- TASK TO CARRY OUT: Which lines of the data hold the word "Sleeves"? Copy all of them.

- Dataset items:
+ + +

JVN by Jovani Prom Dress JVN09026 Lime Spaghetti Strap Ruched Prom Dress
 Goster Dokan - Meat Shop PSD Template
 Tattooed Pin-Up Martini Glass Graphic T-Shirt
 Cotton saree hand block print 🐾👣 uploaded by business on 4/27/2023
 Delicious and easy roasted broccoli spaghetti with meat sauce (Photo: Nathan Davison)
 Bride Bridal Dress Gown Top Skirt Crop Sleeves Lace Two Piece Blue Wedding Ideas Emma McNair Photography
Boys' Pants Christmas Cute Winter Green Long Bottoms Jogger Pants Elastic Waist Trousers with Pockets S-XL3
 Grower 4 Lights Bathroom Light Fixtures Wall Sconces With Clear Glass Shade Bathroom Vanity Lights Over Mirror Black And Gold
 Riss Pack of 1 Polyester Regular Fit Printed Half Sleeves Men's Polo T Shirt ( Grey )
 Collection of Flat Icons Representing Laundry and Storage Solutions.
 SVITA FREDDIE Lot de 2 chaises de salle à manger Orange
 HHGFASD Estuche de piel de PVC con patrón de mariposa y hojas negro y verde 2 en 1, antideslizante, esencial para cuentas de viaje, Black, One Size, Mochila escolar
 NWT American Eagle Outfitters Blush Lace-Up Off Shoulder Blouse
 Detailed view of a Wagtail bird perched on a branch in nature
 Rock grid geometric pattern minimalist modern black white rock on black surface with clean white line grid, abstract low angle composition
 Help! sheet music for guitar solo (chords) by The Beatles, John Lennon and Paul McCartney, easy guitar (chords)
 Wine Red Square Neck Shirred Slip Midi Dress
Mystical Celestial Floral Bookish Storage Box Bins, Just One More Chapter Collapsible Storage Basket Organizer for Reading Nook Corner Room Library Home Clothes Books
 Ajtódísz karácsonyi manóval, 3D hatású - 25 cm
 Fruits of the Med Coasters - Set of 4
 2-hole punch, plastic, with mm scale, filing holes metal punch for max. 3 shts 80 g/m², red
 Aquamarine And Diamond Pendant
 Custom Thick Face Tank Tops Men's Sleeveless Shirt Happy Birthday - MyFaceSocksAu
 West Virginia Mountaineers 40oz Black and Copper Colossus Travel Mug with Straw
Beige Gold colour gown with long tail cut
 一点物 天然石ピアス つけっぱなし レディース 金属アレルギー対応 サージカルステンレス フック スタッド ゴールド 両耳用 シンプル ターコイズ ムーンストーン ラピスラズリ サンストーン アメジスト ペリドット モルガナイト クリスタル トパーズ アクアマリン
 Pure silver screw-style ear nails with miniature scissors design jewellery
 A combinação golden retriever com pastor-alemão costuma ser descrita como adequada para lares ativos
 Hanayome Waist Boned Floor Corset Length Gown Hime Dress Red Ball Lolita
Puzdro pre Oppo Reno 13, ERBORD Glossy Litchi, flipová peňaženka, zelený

+ + +

- EXERCISE SOLUTION:
 Bride Bridal Dress Gown Top Skirt Crop Sleeves Lace Two Piece Blue Wedding Ideas Emma McNair Photography
 Riss Pack of 1 Polyester Regular Fit Printed Half Sleeves Men's Polo T Shirt ( Grey )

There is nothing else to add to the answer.